Risk Factors for Incontinence-Associated Dermatitis in Critically Ill Patients with Incontinence

Author:

Wang Guandong,Wang Xueying,Wang Haibo,Wang Liang,Li Wenjuan

Abstract

PURPOSE: This systematic review analyzed evidence related to risk factors for Incontinence Associated Dermatitis (IAD) in critically ill incontinent patients. METHOD: Systematic review and meta-analysis.

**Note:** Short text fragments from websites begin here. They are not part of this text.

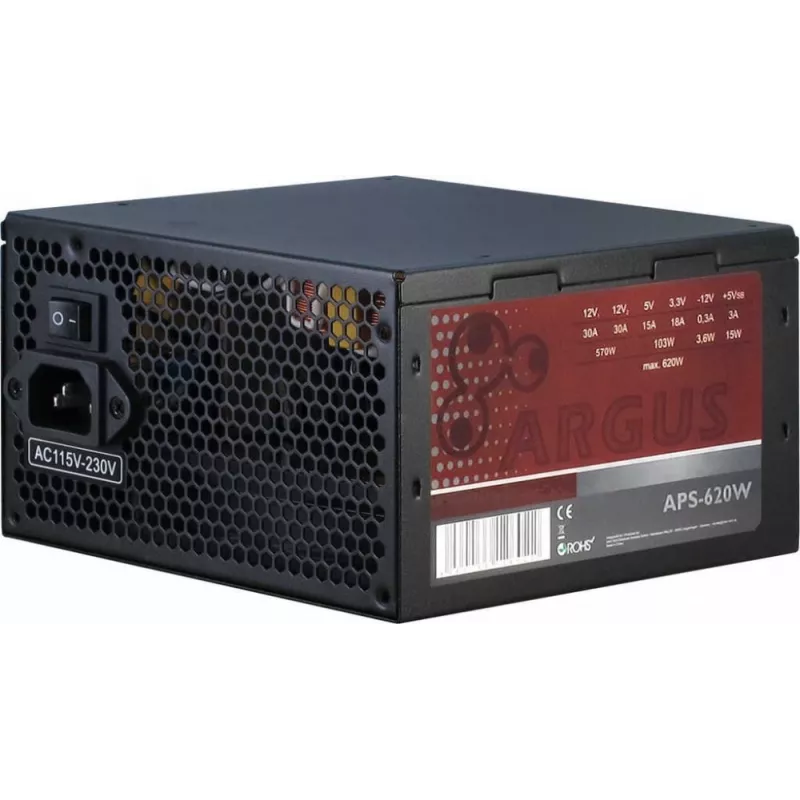 Inter-Tech Argus APS maitinimo blokas 620 W 20+4 kontaktų ATX ATX juodas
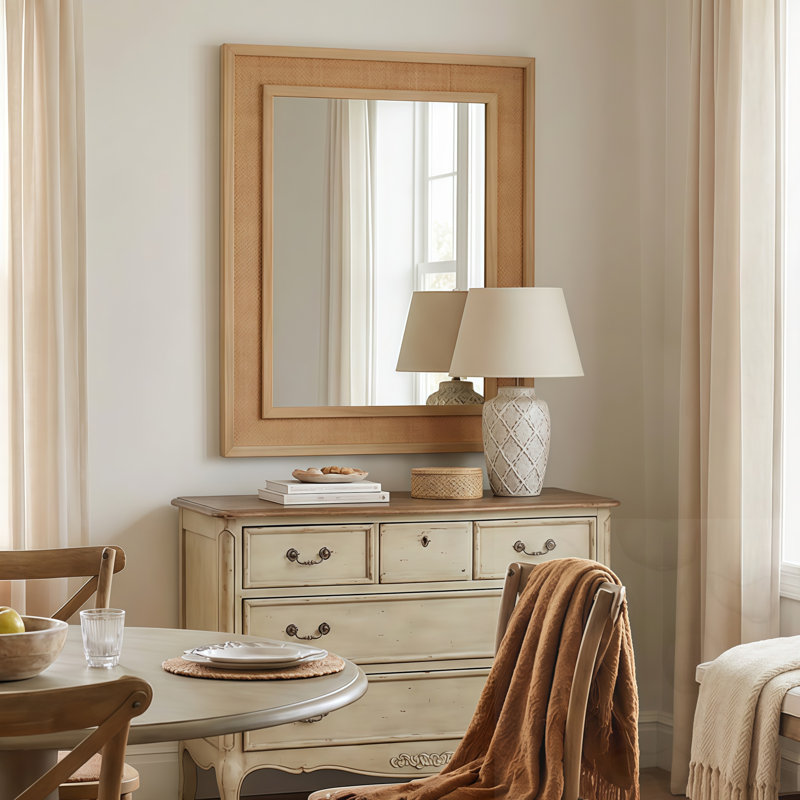 Miroir Rattan, 30 po x 20 po, Naturel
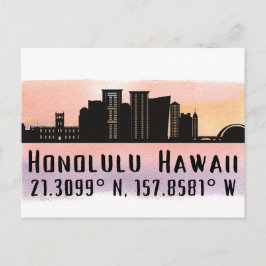 Honolulu Skyline Latitude en Lengtegraad Briefkaart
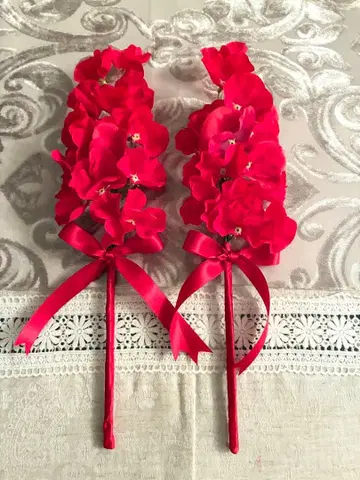 빨간색 스위트피, 조화, 핸드메이드, 2다발 세트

SEARCH STRATEGY: Eight databases, including PubMed, Embase, CINAHL, Cochrane Library, and Web of Science, were searched for studies published in the English language. The China National Knowledge Infrastructure, WanFang Data, and Chinese Scientific Journal Database were also searched for studies evaluating risk of IAD in critically ill incontinent patients published in the Chinese language. FINDINGS: Twenty-four studies with moderate-to-high methodological quality were included. Significant risk factors for developing IAD were being older [odds ratio (OR) = 1.06, 95% confidence interval (CI): 1.02–1.10, P = .007], fever (OR = 2.57, 95% CI: 1.87–3.57, P < .00001), diagnosed with consciousness disorder (OR = 5.70, 95% CI: 2.28–14.22, P = .0002), having higher Acute Physiology and Chronic Health Evaluation (APACHE) II score (OR = 1.71, 95% CI: 1.25–2.35, P = .0009), lower Braden score (OR = 0.73, 95% CI: 0.56–0.96, P = .02), lower oxygen saturation (OR = 2.76, 95% CI: 1.52–5.00, P = .0008), double incontinence (OR = 4.10, 95% CI: 2.34–7.17, P < .00001), liquid stool (OR = 6.55, 95% CI: 4.12–10.41, P < .00001), frequent incontinence (OR = 1.21, 95% CI: 1.03–1.43, P = .02), and higher perineal assessment tool (PAT) score (OR = 3.18, 95% CI: 1.76–5.76, P = .0001). IMPLICATIONS: Findings of this systematic review and meta-analysis suggest that healthcare providers should consider risk factors such as older age, fever, consciousness disorder, higher APACHE II score, lower Braden score and double incontinence matter when developing strategies for the prevention and management of IAD in critically ill incontinent patients.